La première fois que je l’ai vu j’avais été embarqué par une troupe en goguette pour aller déjeuner « als Templers », son restaurant. Il y avait dans cette compagnie Francis Coste et Claude Vedel, artistes peintres de leur état. C’était à l’initiative de Vedel que cette équipe se dirigeait vers Collioure. Et on allait se régaler du meilleur de la carte nous avait promis Vedel. Je me tenais tranquille peu enclin par nature à l’enthousiasme gastronomique lequel m’échappe hélas. Cependant à Collioure, festoyer c’est ce que nous fîmes et fort agréablement jusqu’à l’arrivée de l’addition. Là, royal et sûr de son art, Vedel ouvre un carton à dessins, le parcourt et rieur annonce l’impensable troc entre une généreuse gamelle et un dessin, mais colorié quand même, cela fera bien le billet!

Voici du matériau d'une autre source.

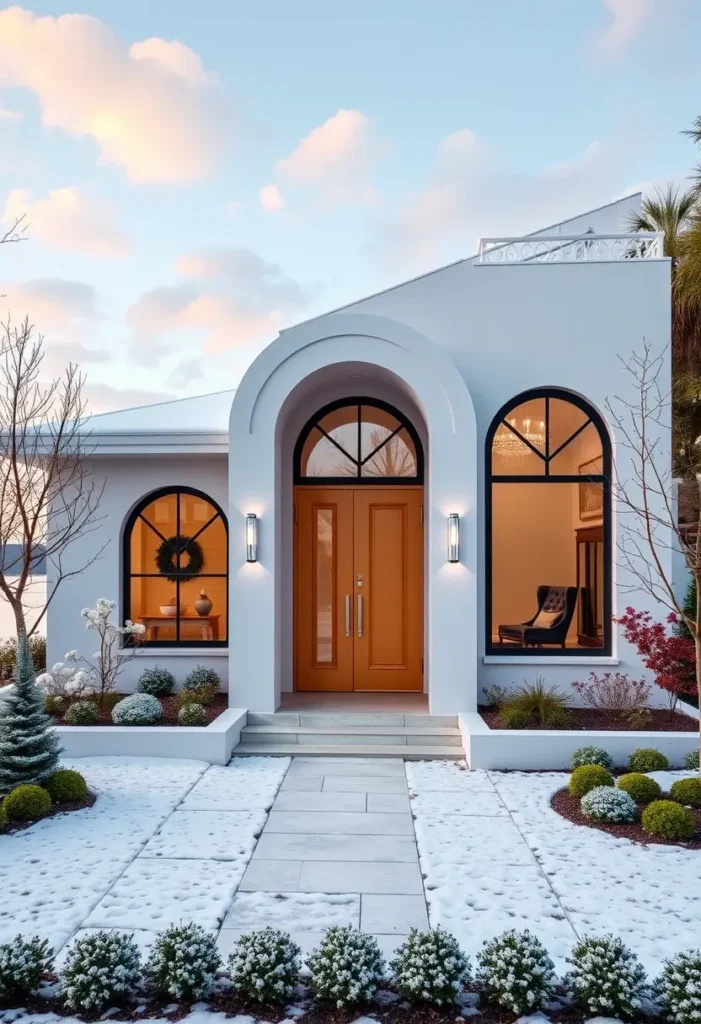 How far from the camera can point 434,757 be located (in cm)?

Jojo connaissait manifestement la procédure car il accepta lui aussi en souriant à ce  panel d’artistes à la peine et choisit un format sous dimensionné au regard des estomacs remplis. Il a du en connaître de ces artistes pour avoir compris  que la seule issue c’était la porte de la bienveillance. Son sourire à lui rajoutant discrètement « ne  me  fait pas le coup trop souvent quand même. »

Au fil des ans je l’ai revu, toujours comme le fils de…  l’ami de … le compagnon de …et je ne lui ai jamais  parlé directement. Pourtant j’ai construis autour  de sa personne un halo d’admiration respectueuse. C’est qu’il l’inspirait.  Ami de son fils  j’étais  tenu au courant de la fin de sa trajectoire au jour le jour. Jojo était bien entouré.

A  son enterrement j’y étais. Il me fallait vérifier si l’auréole de respect que j’avais mis sur sa tête se présenterait à l’église de Collioure. Elle s’y présenta.

Ce jour là j’ai beaucoup aimé la pluie en attendant l’arrivée de sa dernière automobile, laquelle fut très bien conduite d’ailleurs et à vitesse solennelle et réglementaire.

Qu’aurait –t-il dit Jojo s’il avait pu voir tout ces parapluies dans son sillage, à sa poursuite vraiment, comme la trace d’un pinceau d’un maître pointilliste, répartissant là et là toutes ces sombres ombrelles s’agitant derrière son ultime carriole.

Je ne sais pas s’il peignait mais il s’y connaissait sûrement. Car comment expliquer cette jolie peinture pour ses ultimes et amicales salutations composée selon des directives qu’il aurait emprunté carrément de Georges Seurat.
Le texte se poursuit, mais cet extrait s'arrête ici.